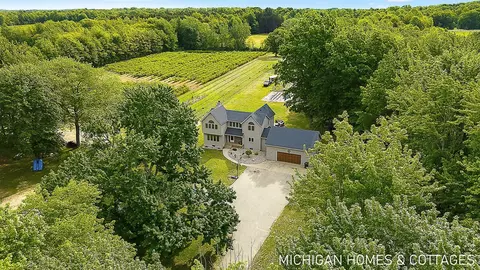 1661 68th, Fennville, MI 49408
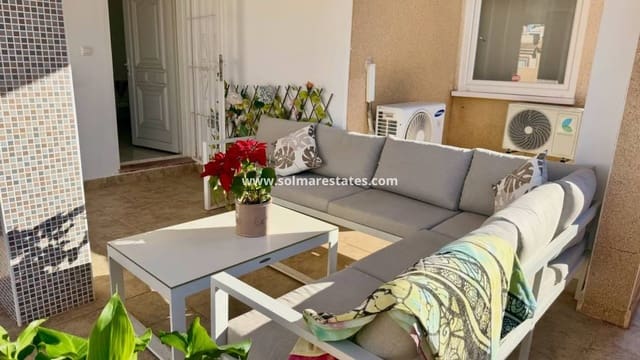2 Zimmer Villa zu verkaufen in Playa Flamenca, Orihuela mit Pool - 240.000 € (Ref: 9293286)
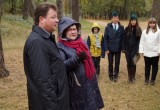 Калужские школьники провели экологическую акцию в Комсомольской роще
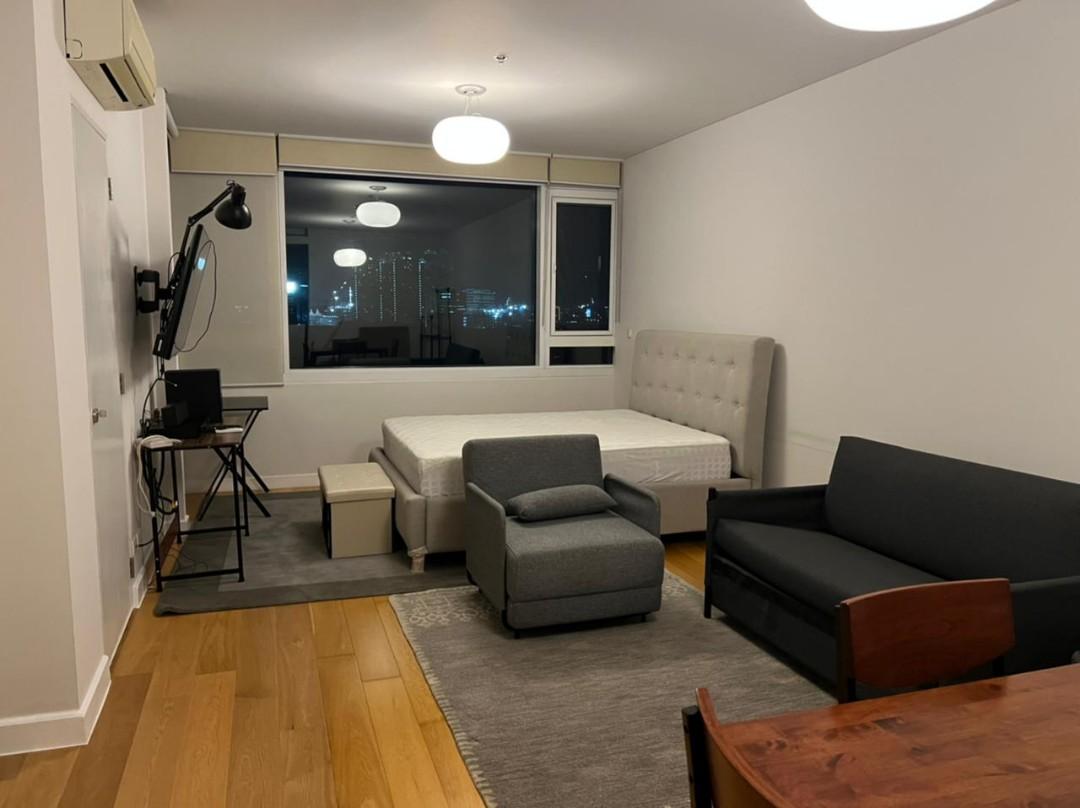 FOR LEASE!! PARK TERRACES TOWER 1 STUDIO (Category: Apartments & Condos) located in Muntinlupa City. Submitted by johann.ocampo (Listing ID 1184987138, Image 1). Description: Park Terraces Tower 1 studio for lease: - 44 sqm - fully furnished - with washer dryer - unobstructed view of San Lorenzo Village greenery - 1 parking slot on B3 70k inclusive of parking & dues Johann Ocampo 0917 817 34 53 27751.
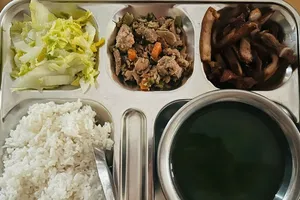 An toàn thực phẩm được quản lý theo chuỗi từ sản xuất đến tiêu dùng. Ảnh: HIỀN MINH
****
▸ Task goal
Can you repeat every record above exactly, apart from the pictures?

▸ Task output
 1661 68th, Fennville, MI 49408
2 Zimmer Villa zu verkaufen in Playa Flamenca, Orihuela mit Pool - 240.000 € (Ref: 9293286)
 Калужские школьники провели экологическую акцию в Комсомольской роще
 FOR LEASE!! PARK TERRACES TOWER 1 STUDIO (Category: Apartments & Condos) located in Muntinlupa City. Submitted by johann.ocampo (Listing ID 1184987138, Image 1). Description: Park Terraces Tower 1 studio for lease: - 44 sqm - fully furnished - with washer dryer - unobstructed view of San Lorenzo Village greenery - 1 parking slot on B3 70k inclusive of parking & dues Johann Ocampo 0917 817 34 53 27751.
 An toàn thực phẩm được quản lý theo chuỗi từ sản xuất đến tiêu dùng. Ảnh: HIỀN MINH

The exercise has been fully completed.